After a wind storm, I got up one morning to find literally hundreds of twigs laying everywhere in the back yard. I was planning to something else later in the day but I knew from experience by the time I finished picking up all those twigs, I’d be too tired to go to whatever it was I had planned to do later. Then a lightbulb came on in my head. I got my grabber and within 45 minutes, I had it all picked up and deposited in a area to use as kindling for the chiminea.
In the front yard, Ronnie had made flowerbeds in the middle of the yard. He lined them with big natural rocks that we had gotten below the original spillway at Lake Wichita after they lowered the level of the lake. These made mowing a nightmare so I decided to do away with the flower beds, but most of the rocks were too heavy for me to lift so I devised another way to move them. I have a long handled four prong digger. I used this to roll the rocks into place. It worked great and while it was not easy, it was far easier than picking up the biggest rocks.
|Cara Brookins' amazing DIY house|
Two years ago at a writers’ conference in Oklahoma City, I met an amazing and interesting young woman named Cara Brookins. I was fascinated by her because – she and her two teenagers built their two story house from the ground up – by themselves. They poured the concrete, installed the plumbing and electrical wiring. They did it all with Do it Yourself videos on Youtube. She said most of what they used were instructional videos produced for Lowes and Home Depot.
I thought about Cara and the DIY videos one day after I did something I knew not to do. I emptied the gasoline can into the lawnmower. Moisture collects in the can and when you empty it, the water also goes in the mower. Well, midway through mowing the back yard, the mower sputtered and stopped and I couldn’t get it started again. So I went to youtube and searched for a video to show me how to get the gasoline out of the lawnmower.

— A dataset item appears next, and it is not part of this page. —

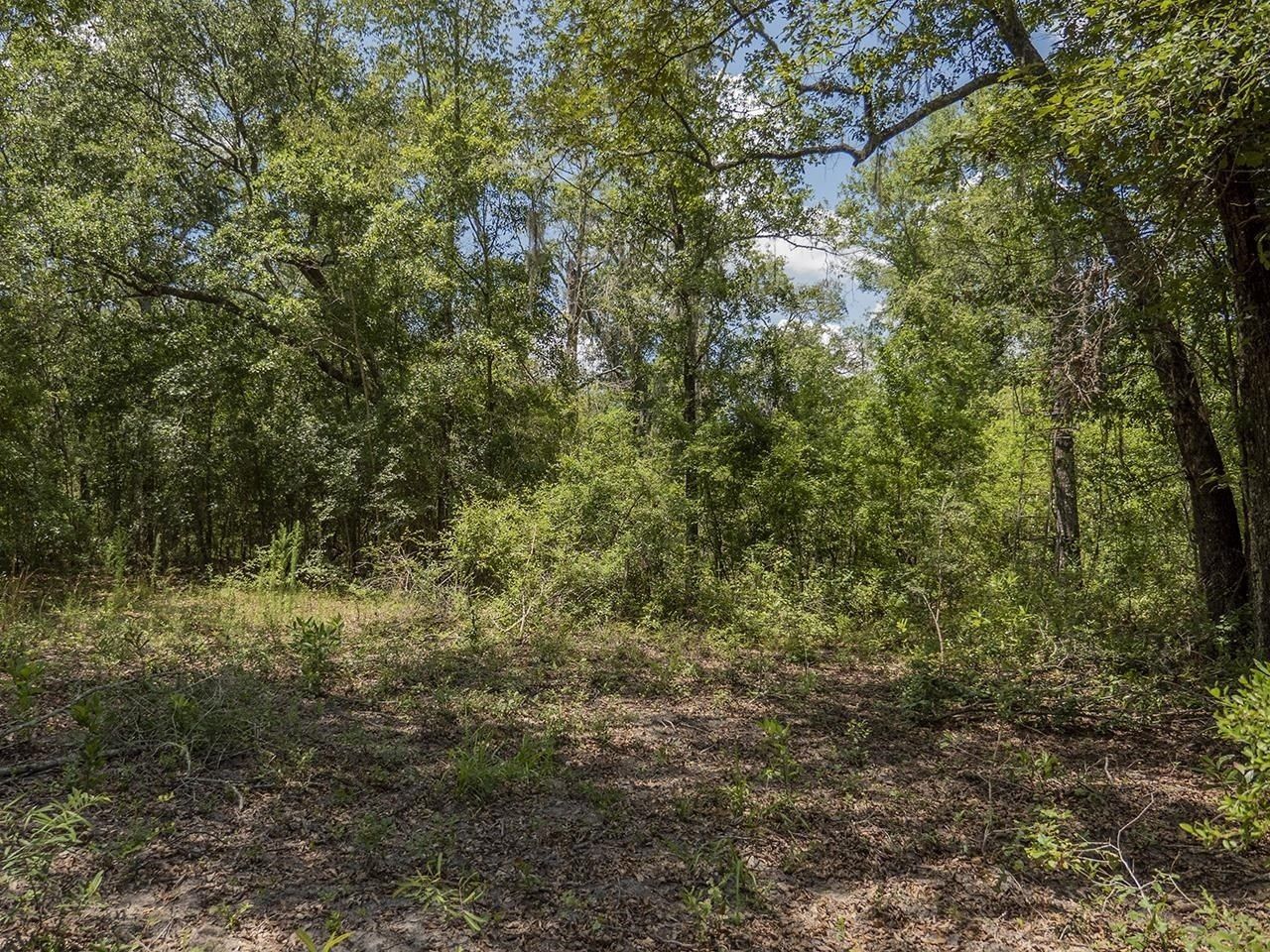 Vacant SW Hike Lake Road, Madison, FL 32340 Photo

The video I watched was way more complicated than I was willing to try, so I asked my sort of son in law to come fix it. He ambles over, puts a flat pan on the ground, takes off the gas cap, turns the lawnmower upside down, and all the gas ran out into the pan. He put the lawnmower upright, filled it with fresh gas and it started on the second pull. “That’s not how they did it on youtube,” I said.
He kind of grinned. “I didn’t go to youtube.”
|my 120 gallon water catchment system|
My daughter consulted diy videos when her iPhone quit because it got wet. She wasn’t due an update for another year and a new phone would cost two hundred dollars so she – being a fixit person like her dad, researched what was wrong with the phone on the internet, bought the parts and with the help of a diy video, she opened the phone and eventually got it fixed. She’s still using it.
When I decided I wanted to have a rain water storage system, I went to Youtube and searched “diy water storage” and up pops numerous videos from simple to complicated. So I showed several of them to my daughter. She sent me and her three year old son, Seth out to my sister’s house one afternoon and when we came back, I had this water catchment system.
I tend to tackle simplier things myself. I have a friend who has a beautiful, back yard. One of the interesting little tidbits she has added is hanging solar lights. These were individual lanterns hanging by a single string from the branches of her big fruitless mulberry tree.
|Home made solar lights|
I wanted some. She said they come six to a box for $59.99 at Home Depot.
We spent most of one day looking for those lights online and in the physical stores. Then I realized that the fancy little lanterns she had are not really appropriate for my yard. I need something with more of a country feel, so I went to youtube and searched for “DIY hanging solar lights.”
And up pops solar lights made with Mason jars. I bought 12 Kerr jars, Walmart didn’t have Masons and 10 cheap solar lights at Walmart, plus a clear 30 lbs test fishing line. I spent $25 and made 10 solar lights. My sort of son in law brought over his extension ladder and hung them in the trees.
I’ll never build a house with videos from youtube but I will certainly continue to learn how to do lots of other things and so can you.